This is an automated email from the ASF dual-hosted git repository.

tarmstrong pushed a commit to branch master
in repository https://gitbox.apache.org/repos/asf/impala.git


The following commit(s) were added to refs/heads/master by this push:
     new f684ed7  IMPALA-10252: fix invalid runtime filters for outer joins
f684ed7 is described below

commit f684ed72c541fa04dc1841a1aab83a7c9847f1a2
Author: Tim Armstrong <tarmstr...@cloudera.com>
AuthorDate: Wed Oct 21 13:59:25 2020 -0700

    IMPALA-10252: fix invalid runtime filters for outer joins
    
    The planner generates runtime filters for non-join conjuncts
    assigned to LEFT OUTER and FULL OUTER JOIN nodes. This is
    correct in many cases where NULLs stemming from unmatched rows
    would result in the predicate evaluating to false.

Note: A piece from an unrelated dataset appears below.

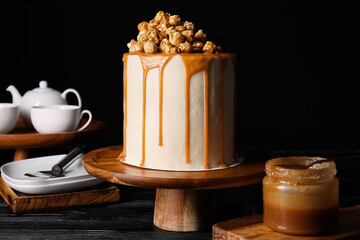 Tasty cake with popcorn and caramel on dark background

E.g.
    x = y is always false if y is NULL.
    
    However, it is incorrect if the NULL returned from the unmatched
    row can result in the predicate evaluating to true. E.g.
    x = isnull(y, 1) can return true even if y is NULL.
    
    The fix is to detect cases when the source expression from the
    left input of the join returns non-NULL for null inputs and then
    skip generating the filter.
    
    Examples of expressions that may be affected by this change are
    COALESCE and ISNULL.
    
    Testing:
    Added regression tests:
    * Planner tests for LEFT OUTER and FULL OUTER where the runtime
      filter was incorrectly generated before this patch.
    * Enabled end-to-end test that was previously failing.
    * Added a new runtime filter test that will execute on both
      Parquet and Kudu (which are subtly different because of nullability of
      slots).
    
    Ran exhaustive tests.
    
    Change-Id: I507af1cc8df15bca21e0d8555019997812087261
    Reviewed-on: http://gerrit.cloudera.org:8080/16622
    Reviewed-by: Impala Public Jenkins <impala-public-jenk...@cloudera.com>
    Tested-by: Impala Public Jenkins <impala-public-jenk...@cloudera.com>
---
 .../java/org/apache/impala/analysis/Analyzer.java  | 22 +++++++-
 .../impala/planner/RuntimeFilterGenerator.java     | 31 ++++++++++++
 .../PlannerTest/runtime-filter-propagation.test    | 59 +++++++++++++++++++++-
 .../queries/QueryTest/runtime_filters.test         | 33 ++++++++++++
 .../queries/QueryTest/subquery.test                |  6 +--
 tests/query_test/test_queries.py                   |  2 -
 6 files changed, 144 insertions(+), 9 deletions(-)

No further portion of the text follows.